- EXERCISE REQUIREMENTS
Give back each entry word for word, but drop the images.

- RECORDS PROVIDED
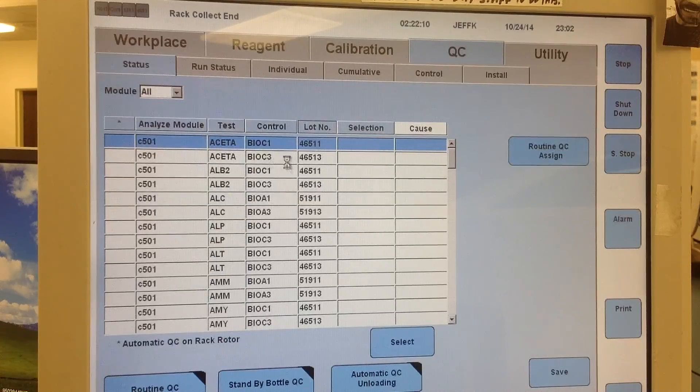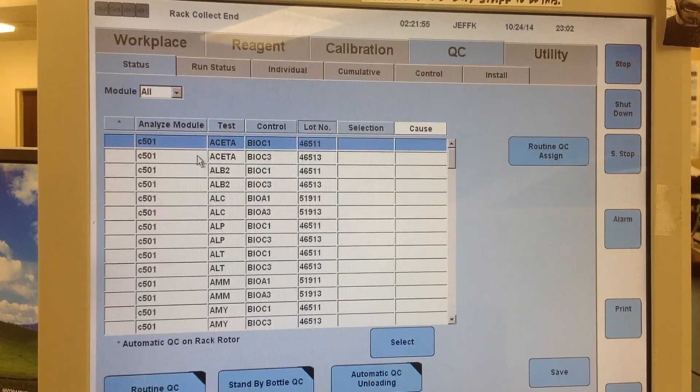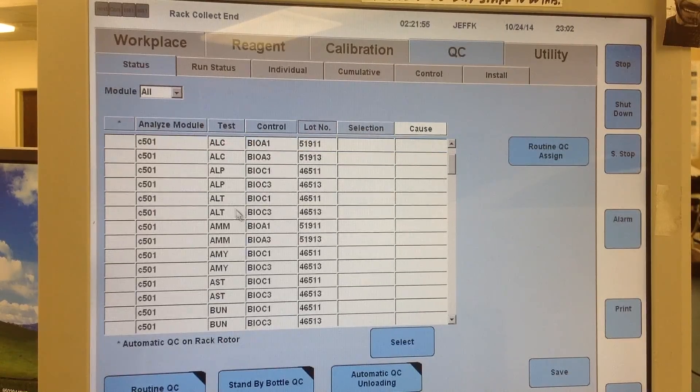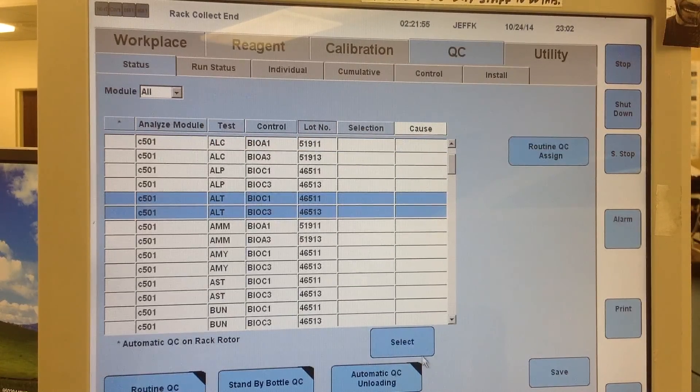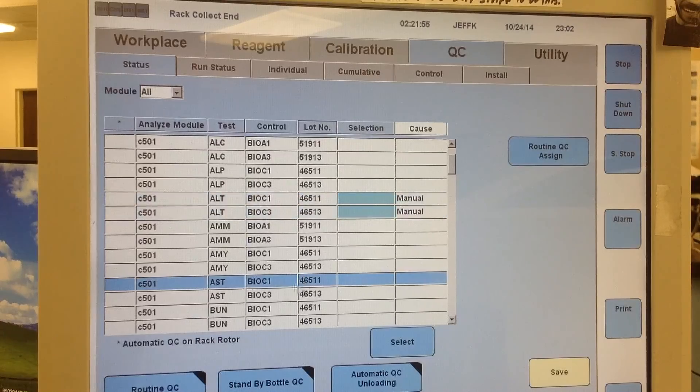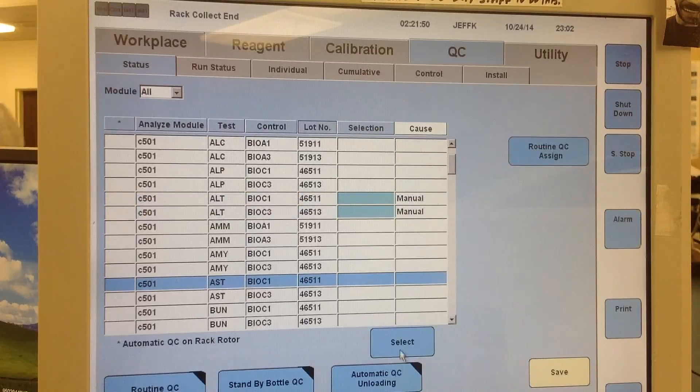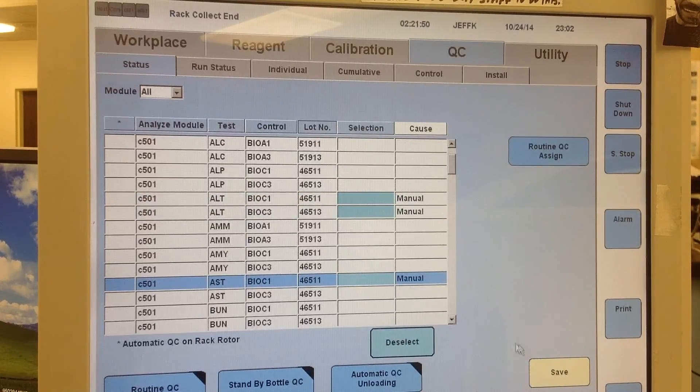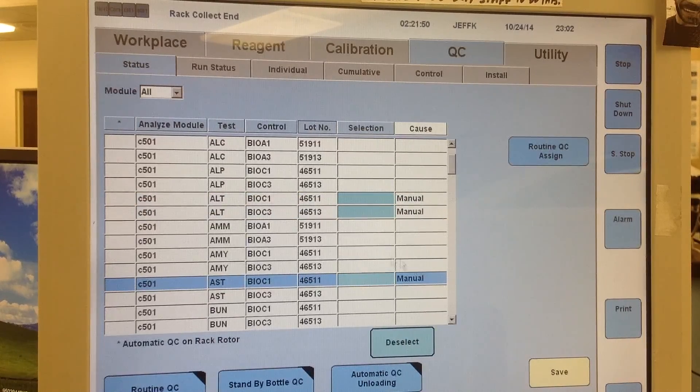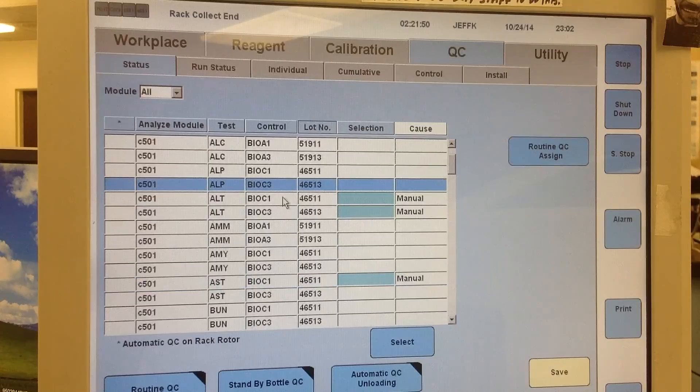So that's how you can go about ordering individual tests. You can highlight several tests and select them all at once, and then click another test and select that one. And then just always make sure that you save whatever you've ordered.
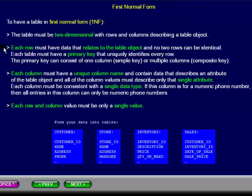The primary key can consist of one column, known as a simple key, or multiple columns, known as a composite key.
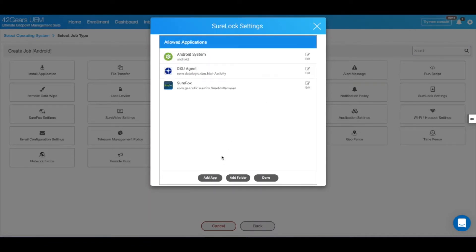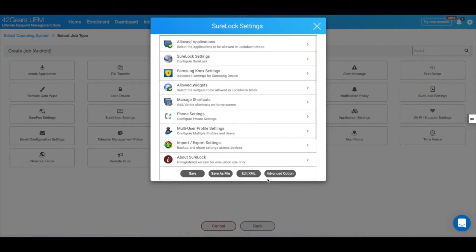Once you select the desired applications, click on Done, and let's now navigate to SureLock Settings.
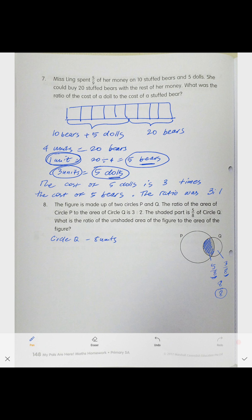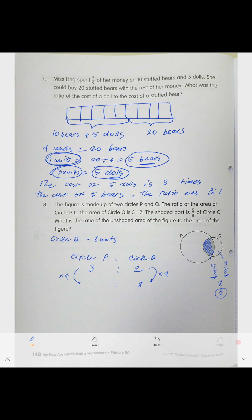Now we need to find how many units circle P is. Circle P to circle Q is three to two. If circle Q is eight units, we multiply both sides of the ratio by four, so two times four equals eight, and three times four equals 12. Therefore, circle P is 12 units.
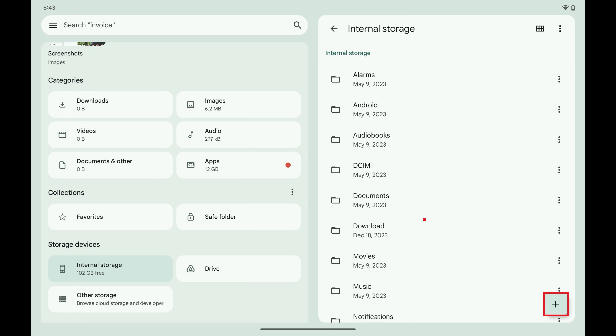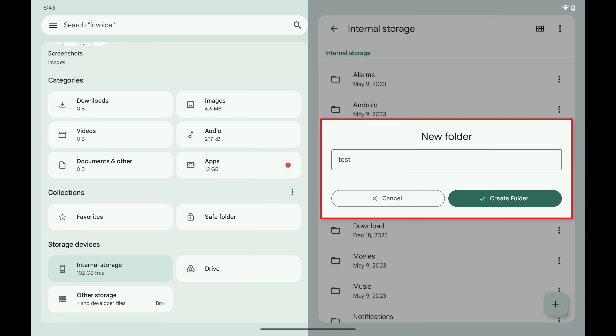Step 4: Tap the plus sign at the bottom of this window. A new folder window is displayed.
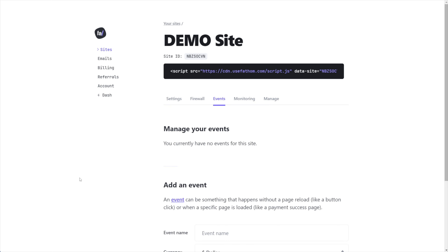Welcome to part two of my Fathom Analytics deep dive. If you haven't watched part one, there's a link in the description. It's kind of a must-watch first, because in this video we are leaving the dashboard and the part where we just read our analytics, moving to the part where we start to affect our analytics by tracking things using what are called events.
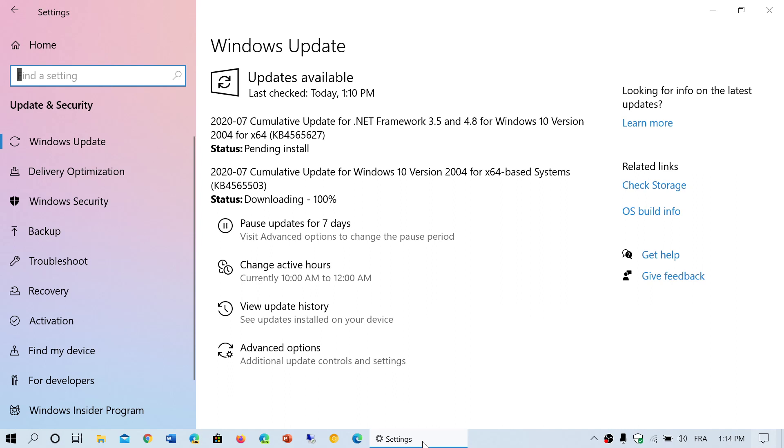So we're already there for the Patch Tuesday of July 2020. Check out your Windows updates, and more details on what's in here and how many critical and important flaws are in the updates this month.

- TASK SOLUTION
So that's how you can go about ordering individual tests. You can highlight several tests and select them all at once, and then click another test and select that one. And then just always make sure that you save whatever you've ordered.
The primary key can consist of one column, known as a simple key, or multiple columns, known as a composite key.
Once you select the desired applications, click on Done, and let's now navigate to SureLock Settings.
Now we need to find how many units circle P is. Circle P to circle Q is three to two. If circle Q is eight units, we multiply both sides of the ratio by four, so two times four equals eight, and three times four equals 12. Therefore, circle P is 12 units.
Step 4: Tap the plus sign at the bottom of this window. A new folder window is displayed.
Welcome to part two of my Fathom Analytics deep dive. If you haven't watched part one, there's a link in the description. It's kind of a must-watch first, because in this video we are leaving the dashboard and the part where we just read our analytics, moving to the part where we start to affect our analytics by tracking things using what are called events.
So we're already there for the Patch Tuesday of July 2020. Check out your Windows updates, and more details on what's in here and how many critical and important flaws are in the updates this month.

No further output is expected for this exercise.